Previously, in January 2018 the school announced that the Principal and Vice Principal were "currently on leave", with a new temporary head standing in.

==Funding for new buildings==
Until funding for the new buildings was finalized in 2006, the school existed on two sites: the Cardinal Newman Middle School on Cricket Road, and St Augustine's, Iffley Turn, Oxford. However, after receiving a £20,000,000 grant from the Roman Catholic Archdiocese of Birmingham, the current buildings were built. Work began in March 2014 on the adjacent former Cricket Road Centre to convert it into the school's new primary school, for children aged 4–11. However, in October 2020 the primary phase of the school was formally split from St Gregory's, becoming St Frideswide Church of England Primary School. St Gregory's continues to be a Catholic school for secondary age pupils.

==Progress==
In a Section 8 Ofsted report, in December 2015, the Inspector found that 'senior leaders and governors are taking effective action to tackle areas requiring improvement identified in the March 2015 Section 5 inspection in order to become a good school.' In the earlier report published in April 2015, the school was described as "Requires Improvement", although Early Years provision and the sixth form were rated "Good". That report had cited low expectations of pupils as the reason for attainment being below the national average. GCSE results released in January 2016 show the school has the lowest GCSE attainment out of all state schools in Oxfordshire by percentage of students receiving 5A* to C including English and Maths. This fell year on year to 43% of students achieving the government's GCSE benchmark.

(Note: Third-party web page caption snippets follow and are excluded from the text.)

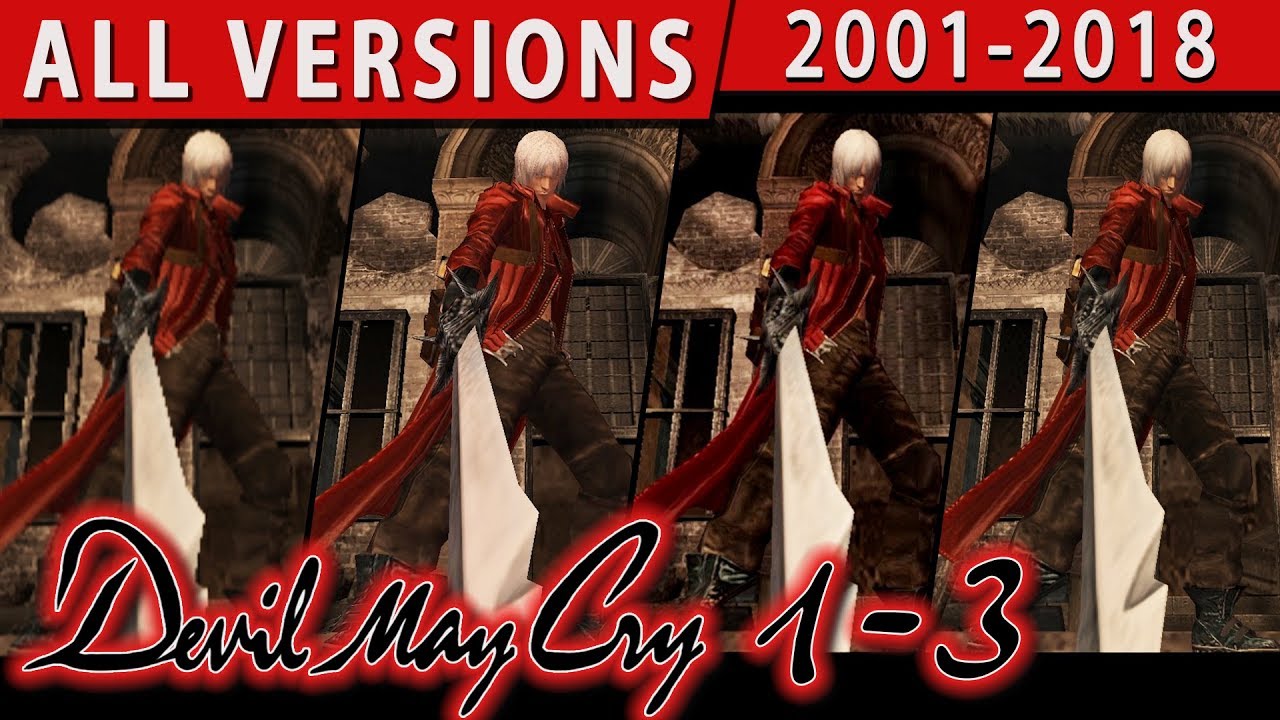 Devil May Cry 1 3 All Versions Compared 2001 2018 Original Se Hd Etc Youtube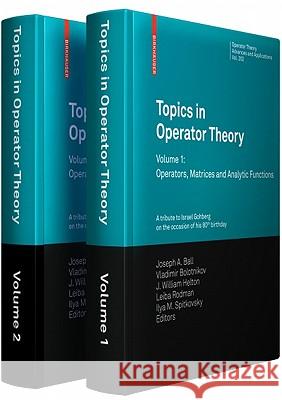 Topics in Operator Theory Joseph A. Ball Vladimir Bolotnikov J. William Helton 9783034601634 Birkhauser Basel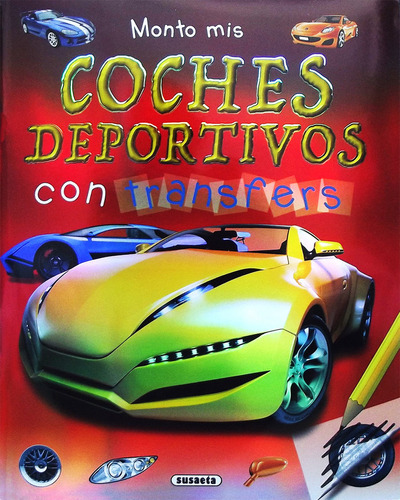 Monto Mis Coches Deportivos Con Transfers (libro Original)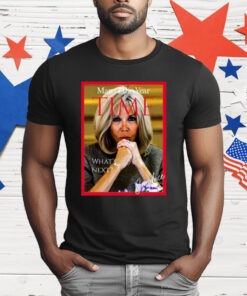 Brigitte Macron Man Of The Year Time T-Shirt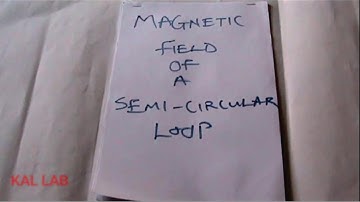 Magnetic Field of a Semi Circular Conductor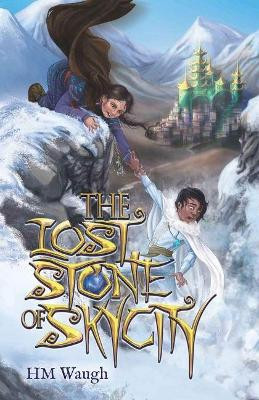 The Lost Stone of SkyCity by HM Waugh 9781925815948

In May 2017 the school was placed into Special Measures by Ofsted Inspectors found that a 'small minority of pupils seriously misbehave and a greater number regularly disrupt lessons'.

In January 2021 the school applied for a "New Start" academy conversion, meaning previous Ofsted Reports and performance measures were disassociated with the new school.

In October 2023, the school received a 'Good' judgement from Ofsted.